Foreign media commentators believe that the AI industry is currently facing not only the problem of expensive chips, but also the ever-increasing token consumption during the inference phase, which is further raising the cost of use for enterprises. This dual pressure is spreading from model companies to the broader economic sphere.
The focus of demand shifts to reasoning
In the past few years, the demand for AI chips has been primarily driven by model training. Now, the focus is gradually shifting to inference. With the increase in agent-based applications, a single task is no longer a matter of asking and answering a question, but rather broken down into multiple steps, significantly increasing computational demands.
The article cites Goldman Sachs' forecast that global token consumption could reach 120 quadrillion per month by 2030, a significant increase from current levels. Meanwhile, chips will require regular updates to maintain cost competitiveness, putting pressure on demand from both new deployments and equipment replacements.
Corporate budget pressures have emerged.
The article mentions that Microsoft recently canceled most of its Claude Code direct signing licenses because employees' use of AI tools was so extensive that the computing costs had exceeded some human resource costs. Uber has also been accused of using up its 2026 AI coding tool budget within four months.
Gartner also warns that even if inference costs decrease by 90%, the total cost of AI for enterprises may not decrease proportionally. This is because intelligent agent models consume more tokens per task, and service providers may not pass on all cost reductions to customers. The article argues that enterprises may find that the productivity gains brought by AI are not as cheap as imagined.
High leverage may amplify risks.
The article argues that chip supply is unlikely to keep pace with demand in the short term. Building new wafer fabs typically requires billions of dollars in investment and has a long construction period. Meanwhile, more advanced chips involve more manufacturing steps, higher material and process costs, and inflation, geopolitical tensions, and trade frictions further drive up prices.
Against this backdrop, AI companies have adopted a structure of cross-investment, capacity commitments, and debt financing to support capital expenditures. The article states that if these loans are secured by existing chips, and the company's revenue growth falls short of expectations, defaults or tightened financing by creditors could lead to a flood of old chips into the market, further depressing the value of the collateral.
The article argues that this risk extends beyond individual companies. If there are deep exposures between private lending, special purpose vehicles, and the broader financial system, the pressure could spread. The core issue is that the revenue expectations supporting substantial chip investments are based on the premise that companies continue to expand their use of AI, a premise that is already showing signs of slowing.
The article proposes three types of responses.

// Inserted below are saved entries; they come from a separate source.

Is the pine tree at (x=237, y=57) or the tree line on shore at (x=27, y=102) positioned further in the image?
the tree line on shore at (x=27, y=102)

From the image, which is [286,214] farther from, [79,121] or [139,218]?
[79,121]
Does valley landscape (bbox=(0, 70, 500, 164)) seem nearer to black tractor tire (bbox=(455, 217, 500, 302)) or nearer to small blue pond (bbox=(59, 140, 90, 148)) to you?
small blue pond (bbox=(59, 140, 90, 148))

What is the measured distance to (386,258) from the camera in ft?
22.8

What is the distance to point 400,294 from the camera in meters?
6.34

The article argues that alleviating pressure should begin with reducing the intensity of demand, including improving the efficiency of algorithms, software, and hardware. It mentions that DeepSeek has demonstrated that algorithm optimization can significantly reduce computing power requirements.

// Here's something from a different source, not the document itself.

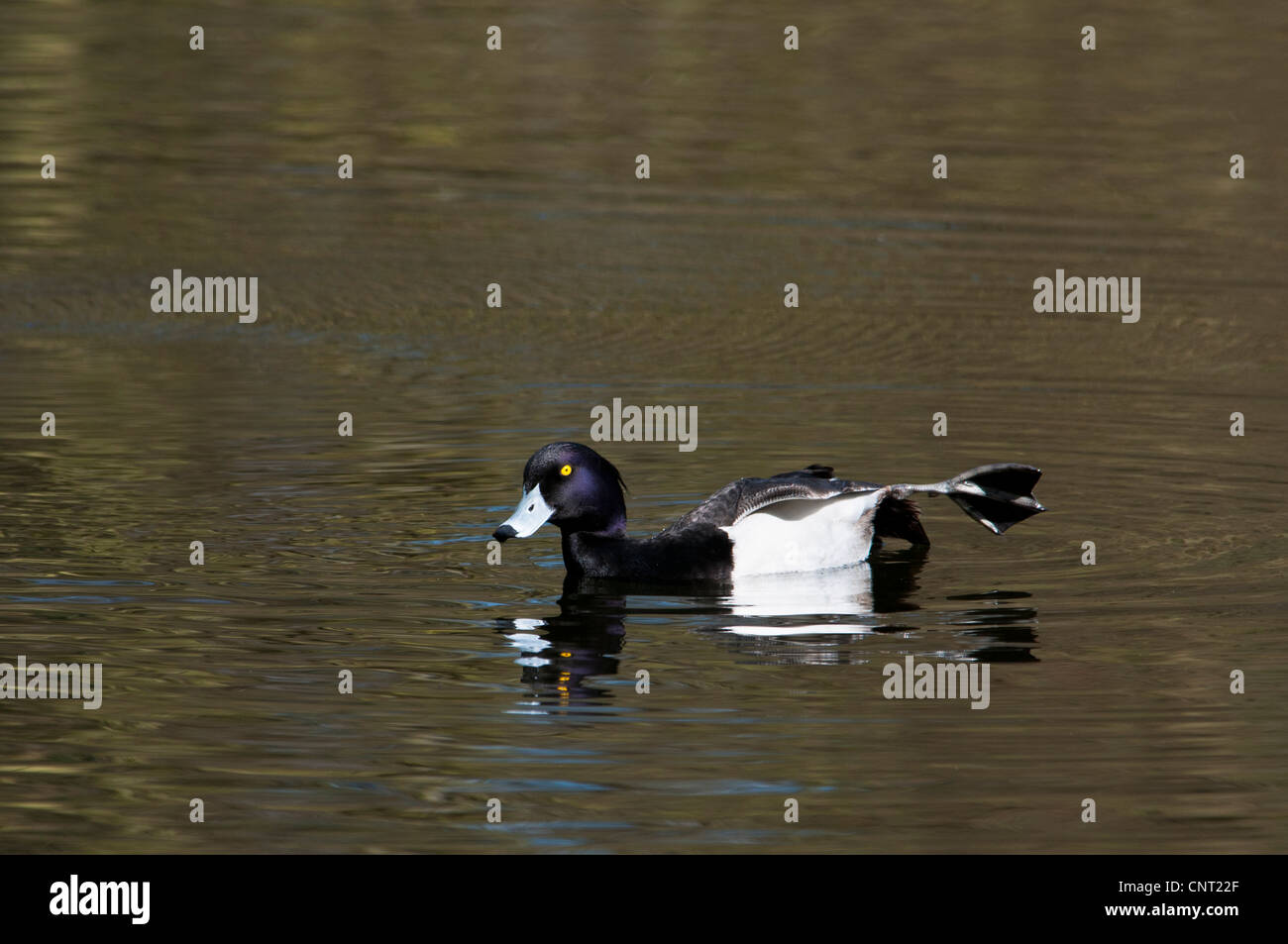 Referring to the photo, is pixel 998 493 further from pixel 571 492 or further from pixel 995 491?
pixel 571 492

Secondly, it is necessary to expand chip production capacity and more broadly distribute the costs and risks of factory construction within the supply chain. Thirdly, it is crucial to examine the impact of tariffs, export restrictions, and financial regulations on chip prices and financing transparency to avoid the simultaneous accumulation of high costs and high leverage.
Overall, the core judgment of this commentary is that the commercialization bottleneck of AI may not first appear in model capabilities, but rather in computing power costs and token expenses. If companies begin to actively limit usage, the industry's previously established growth expectations will be tested.